### What to do
What should be copied is the stretch of entries below from the line with "The Living Roof" up to and including the line with "Beautiful village house in Satigny - Photo 1", exactly and without images.

====== Data in this exercise ======

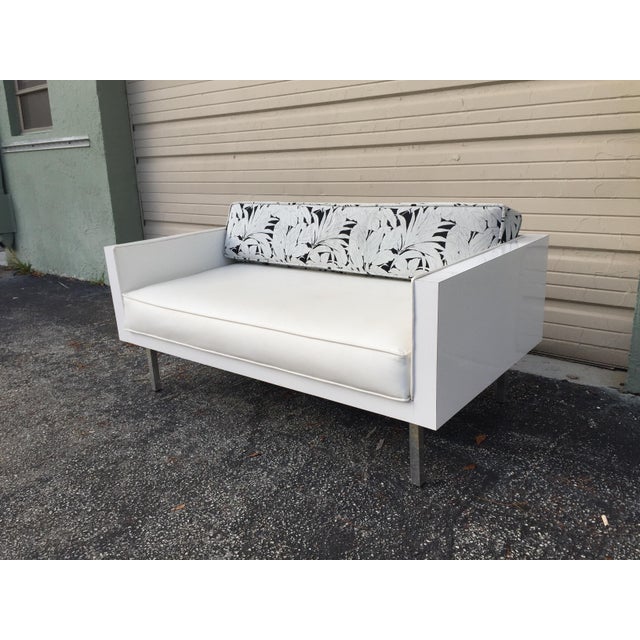 Mid-Century Modern 1970s Mid Century Modern Milo Baughman Style Case Sofa For Sale - Image 3 of 10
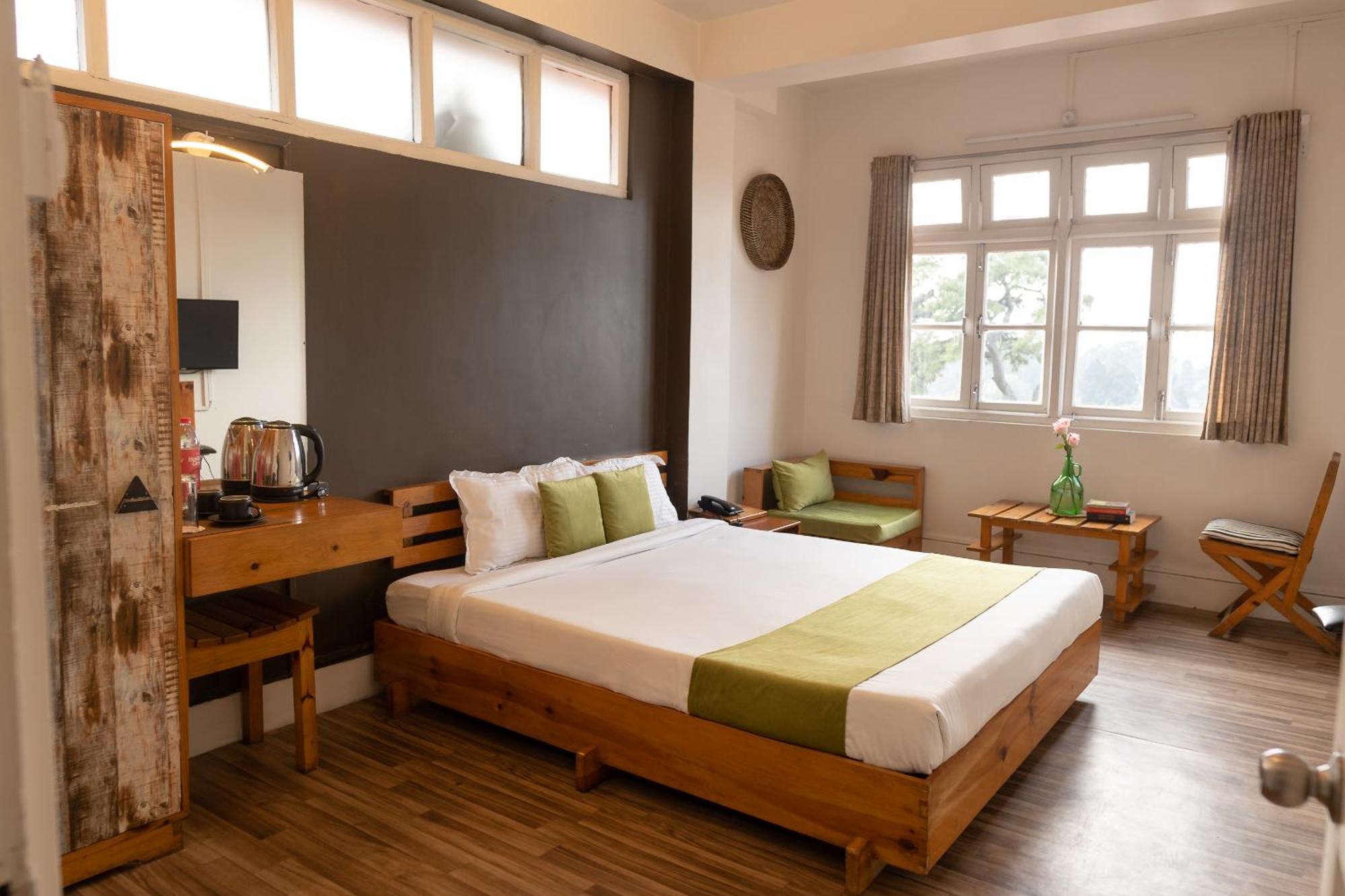 The Living Roof Hotel Шилонг Екстериор снимка
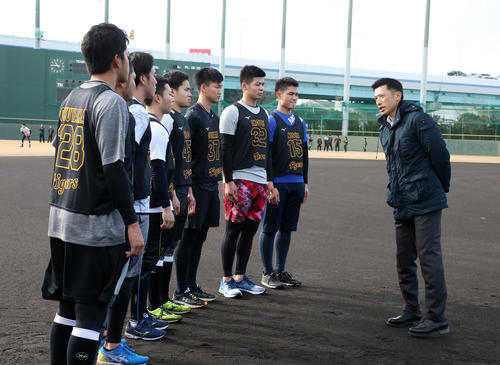 矢野監督（右）から言葉を掛けられる新入団選手たち、右から西、井上、及川、遠藤、藤田、小川、小野寺、奥山（撮影・加藤哉）
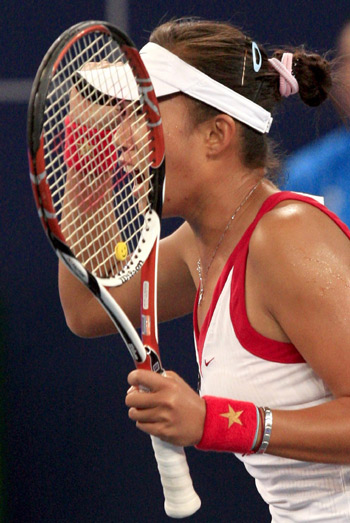 China's wildcard holder downs world No.1 at China Open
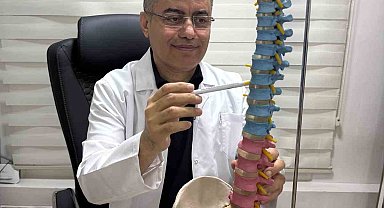 Prof. Dr. Koca: "Manuel Terapi" ile ameliyatsız tedaviyi anlattı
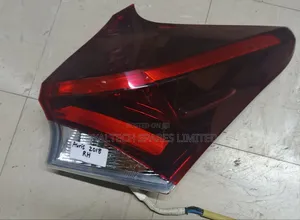 Auris 2018 Both RHS Light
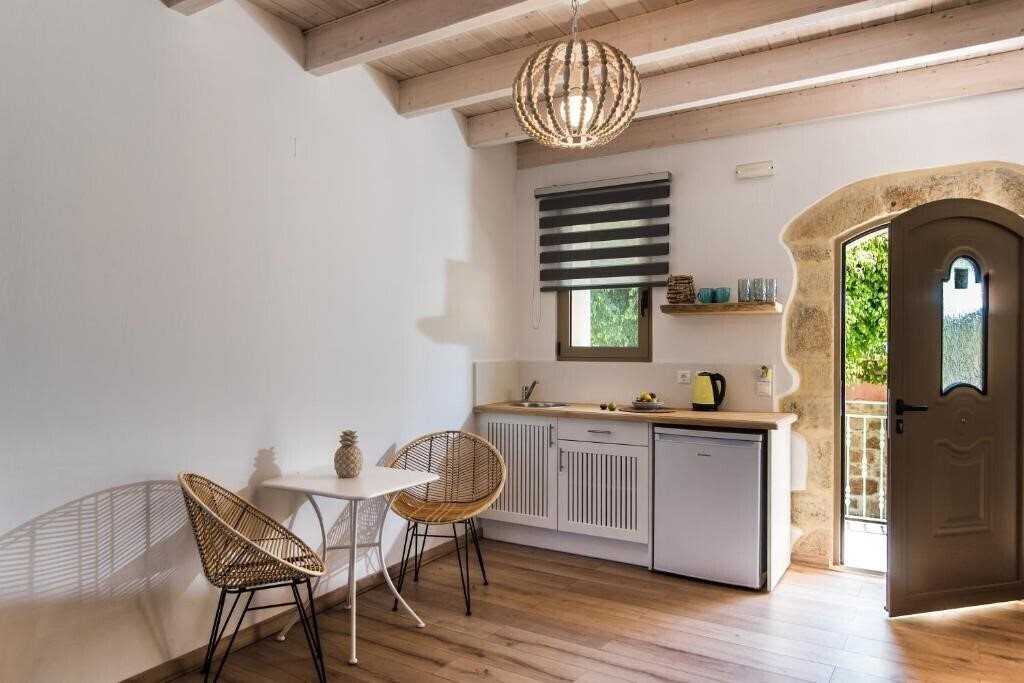 Картинка Sarpidon Apartments 3*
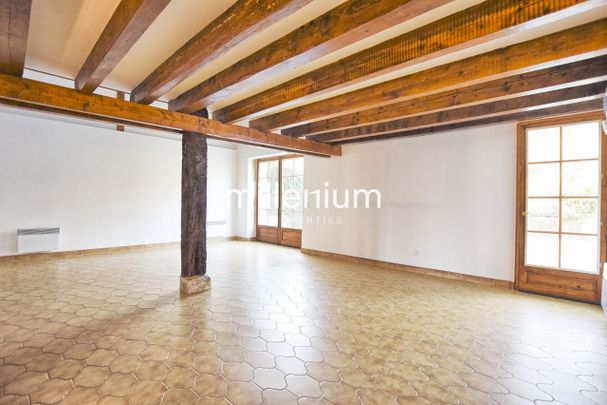 Beautiful village house in Satigny - Photo 1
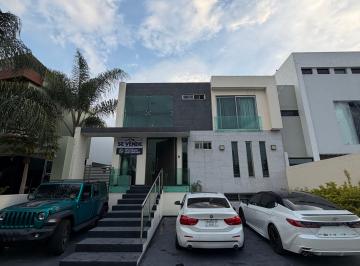 Casa en condominio de 3 habitaciones, Zapopan · Residencia Exclusiva en Jardin Real, 3 Habitaciones con Baño Completo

======

### Solution to the exercise
 The Living Roof Hotel Шилонг Екстериор снимка
 矢野監督（右）から言葉を掛けられる新入団選手たち、右から西、井上、及川、遠藤、藤田、小川、小野寺、奥山（撮影・加藤哉）
 China's wildcard holder downs world No.1 at China Open
 Prof. Dr. Koca: "Manuel Terapi" ile ameliyatsız tedaviyi anlattı
 Auris 2018 Both RHS Light
 Картинка Sarpidon Apartments 3*
 Beautiful village house in Satigny - Photo 1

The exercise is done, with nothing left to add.